To automatically determine whether the search space for a bug's corresponding patch is large (low-probability) or small (high-probability), we designed an algorithm. The pseudo code is as follows.
Algorithm - Evaluate Patch Probability
Input: b: buggy code, g: ground-truth
Output: 1: patch with low probability, 0: patch with high probability
1: procedure EvaluatePatchProbability(b, g)
2: repairType ← GetRepairType(b, g) // Determine the type of repair (add new lines or modify existing lines)
3: if repairType is 'add new lines' then
4: return 1 // Return 1 if repair type is 'add new lines'
5: modifiedLinesCount ← CountModifiedLines(b, g) // Count the number of modified lines
6: if modifiedLinesCount > 1 then
7: return 1 // Return 1 if more than one line is modified
8: s ← CalculateProbabilityScore(b_line, g_line) // Compute the correctly repair probability from the buggy line to the patch line
9: if s >= threshold then
10: return 0 // Return 0 if probability score meets or exceeds threshold
11: return 1 // Return 1 if probability score is below threshold
This algorithm receives buggy code (b) and its corresponding ground-truth (g) as initial input. At first, it determines whether the repair is adding new code lines or modifying existing code lines(Line 2). The patch will be considered to have low probability if repair is conducted by adding new lines(Line 4), and modifying more than one buggy line also has low probability(Line 7). Then, calculating the probability score between the buggy line and the patch line(Line 8). If the score is larger than or equals to the threshold, the patch is thought to have high probability.
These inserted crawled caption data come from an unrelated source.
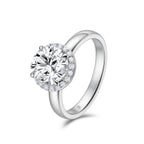 Angled view of the J'ENCHANTE JOY halo solitaire diamond ring in 18K white gold, showcasing a classic four-prong center stone framed by a delicate halo of 20 round diamonds atop a smooth, refined band.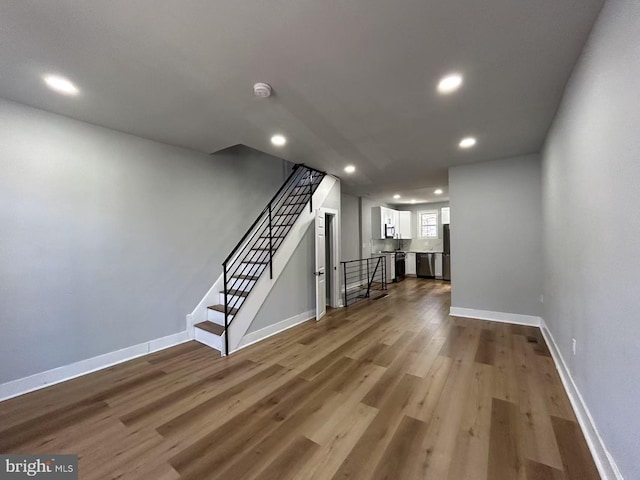 interior space featuring recessed lighting, stairway, baseboards, and dark wood finished floors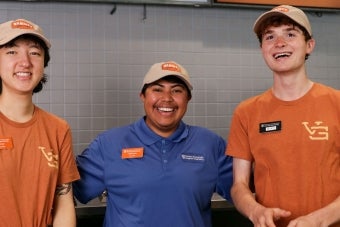 Two UT student staff members and a supervisor pose together at Varsity Grounds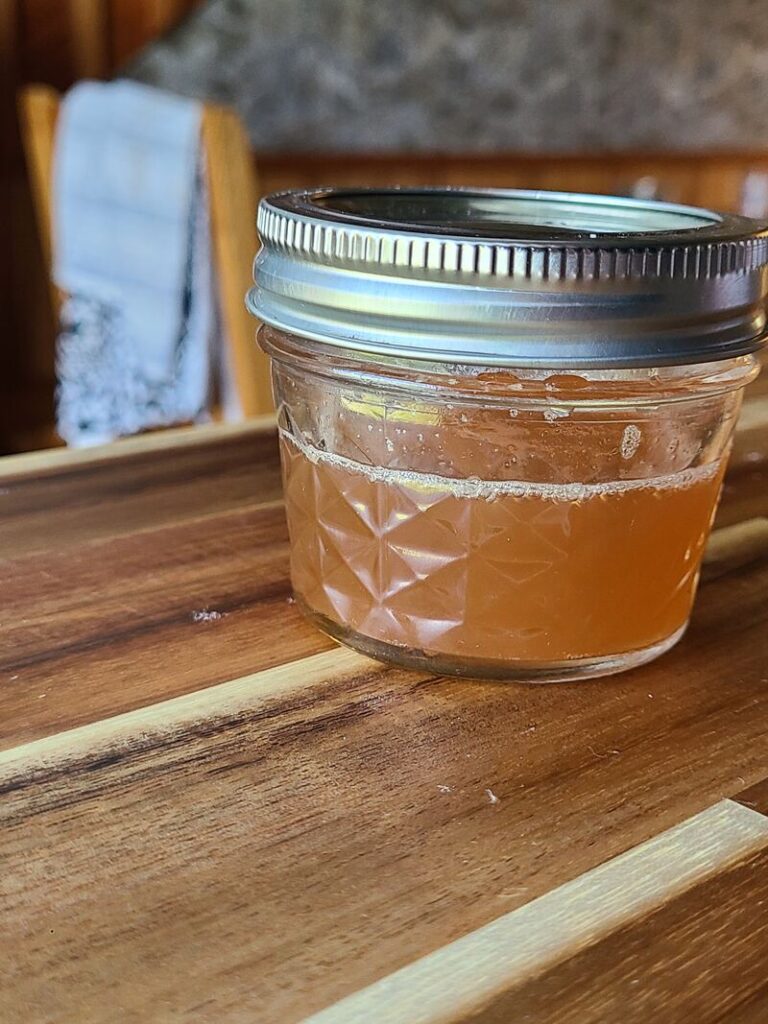 wild parsnip salt solution mixed together in 4oz. quilted mason jar sitting on wood counter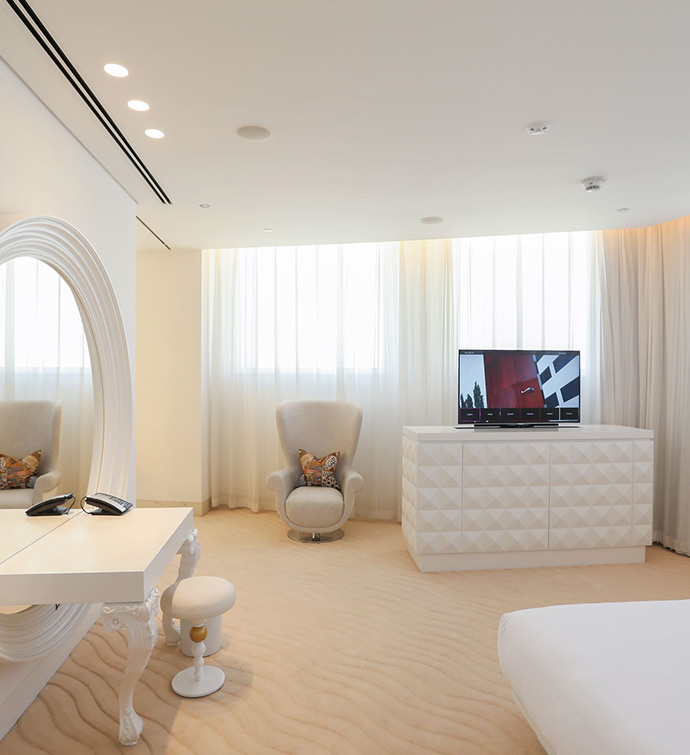 A white bedroom with a large mirror and a desk.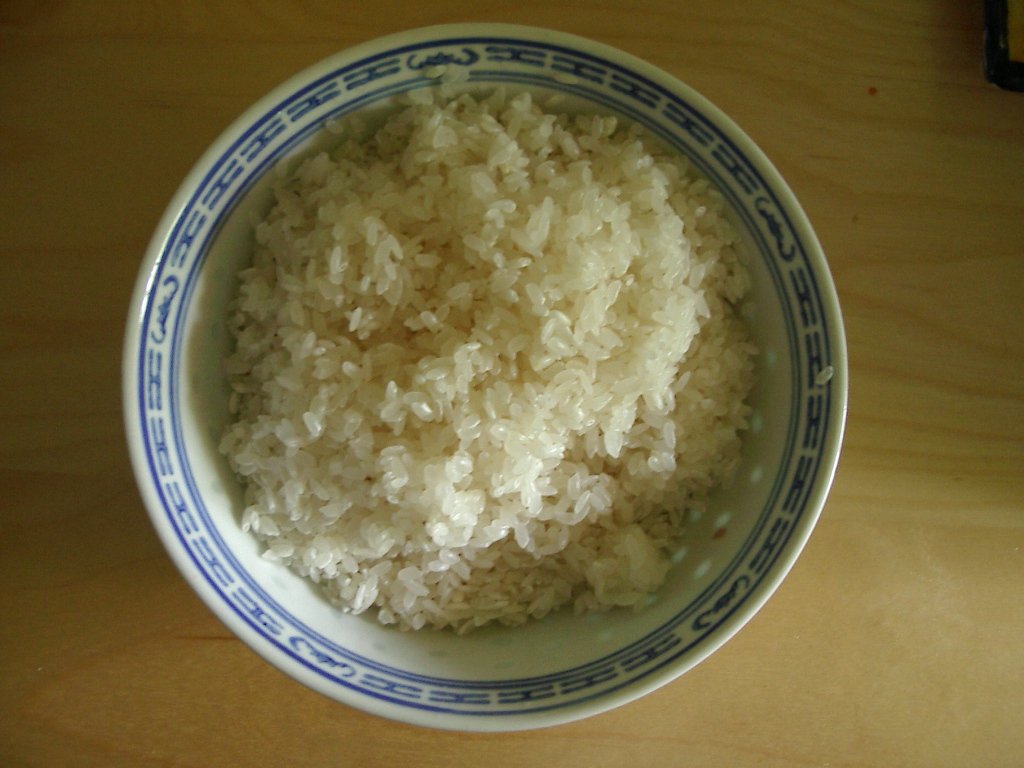 a bowl with cooked white rice in it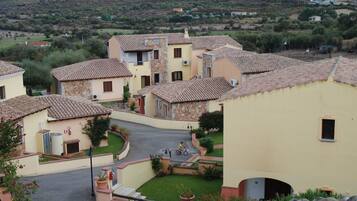 Una zona residencial con tejados de tejas color terracota, una calle pavimentada y una persona montando en bicicleta.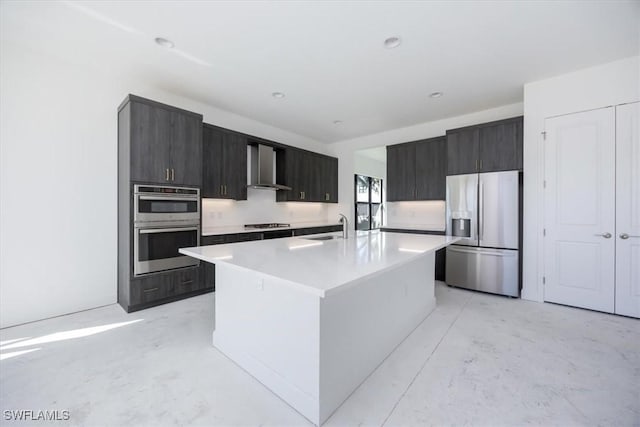 kitchen with sink, stainless steel appliances, wall chimney exhaust hood, and a center island with sink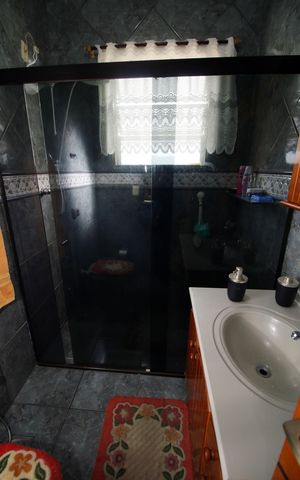 Casa à venda com 400m², 4 quartos e 1 vagaBanheiro
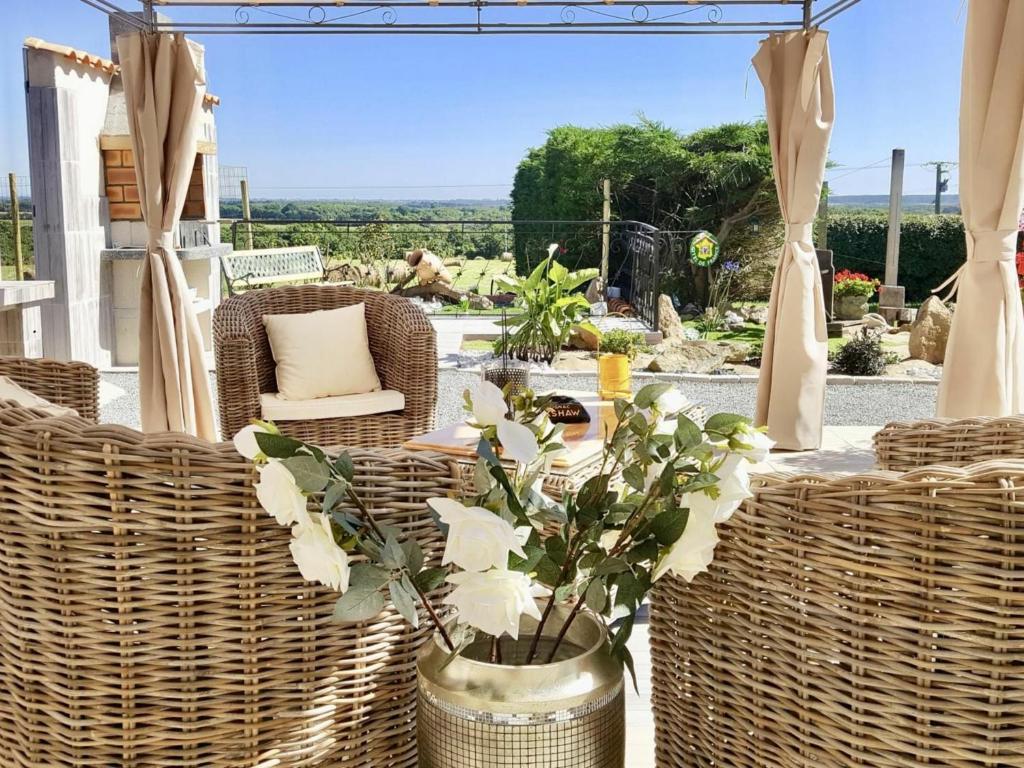 d'une terrasse avec des chaises en osier et une table fleurie. dans l'établissement Gîte Brem, 5 pièces, 8 personnes - FR-1-426-103, à Brem-sur-Mer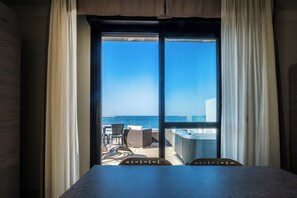 A room with a large sliding glass door leading to a balcony with a view of the ocean. - Residence Picalè (Alghero)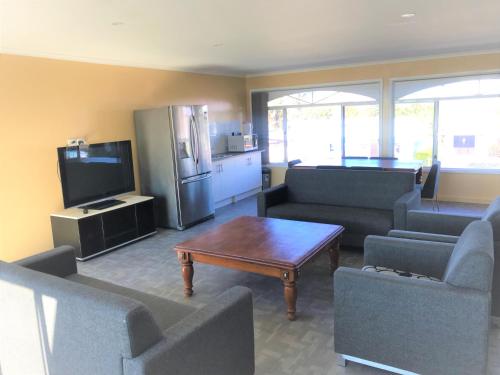 a living room with couches and a tv and a table at Toukley Motor Inn in Toukley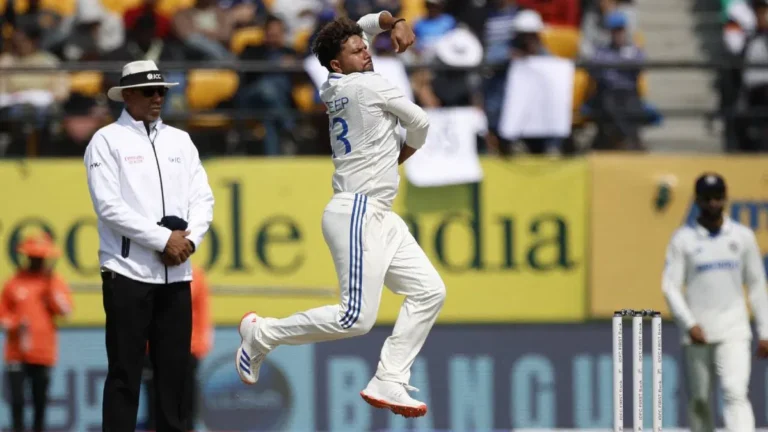 Kuldeep Yadav bowling during a Test match, delivering the ball with his left arm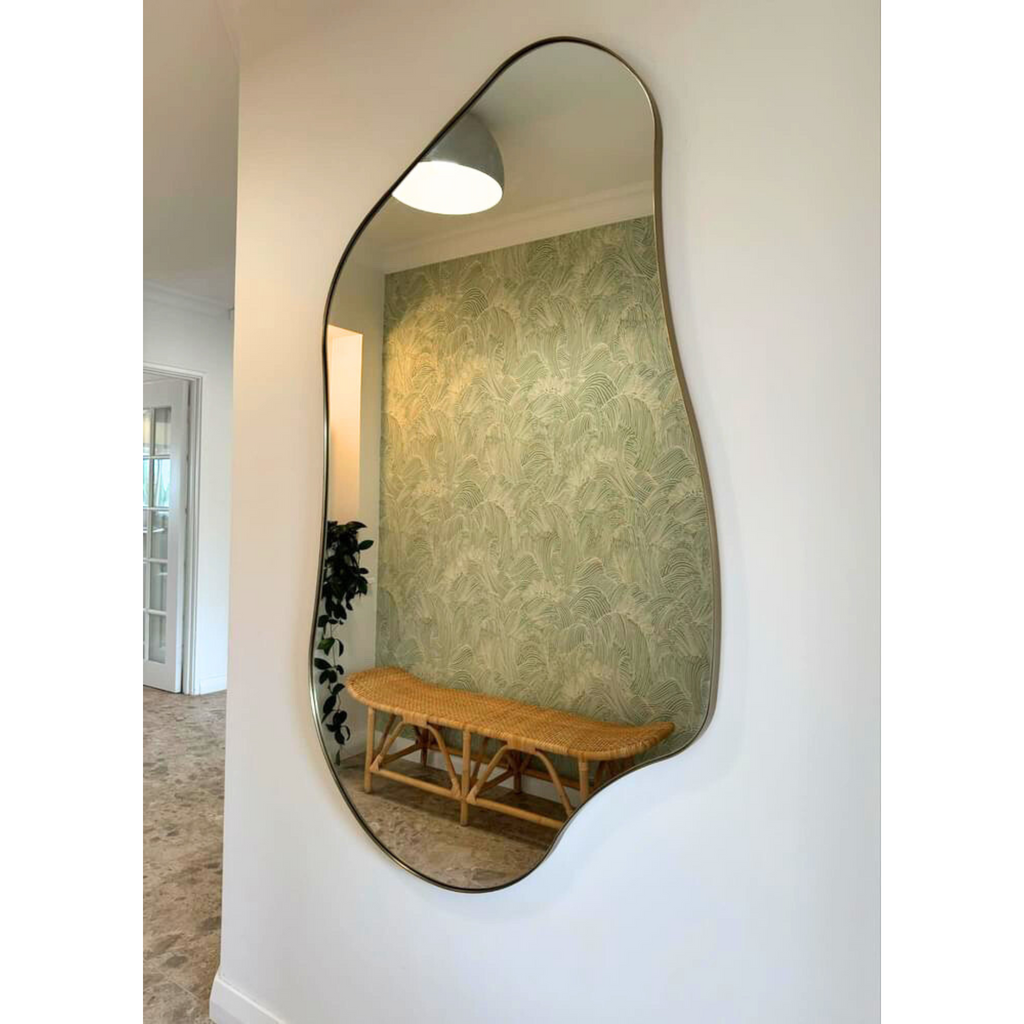 Organic shaped pebble mirror in brass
Here are the steps to calculate probability score:
1. Clearly identify the changes between the two code lines, including both operators and identifiers (with particular attention to class names, variable names, and function names).
2. Calculate probability score for each changed part separately. For operators, if x > y is a patch for the buggy line x < y, the patching space might include operators such as <, ==, !=, >=, and <=. In this simplified example, the probability score might be 1/5. As for identifiers, we can use the similarity score (cosine similarity from the embeddings) between the two different identifiers to represent the probability score. The larger similarity score is, the smaller search space will be, thus leading to a larger probability score.
3. Calculate the overall probability score, we use certain metrics to measure the differences between parts among the two code lines, e.g., edit distance d, and the overall probability score is represented as the sum of score (distance weight multiples probability score) for each change.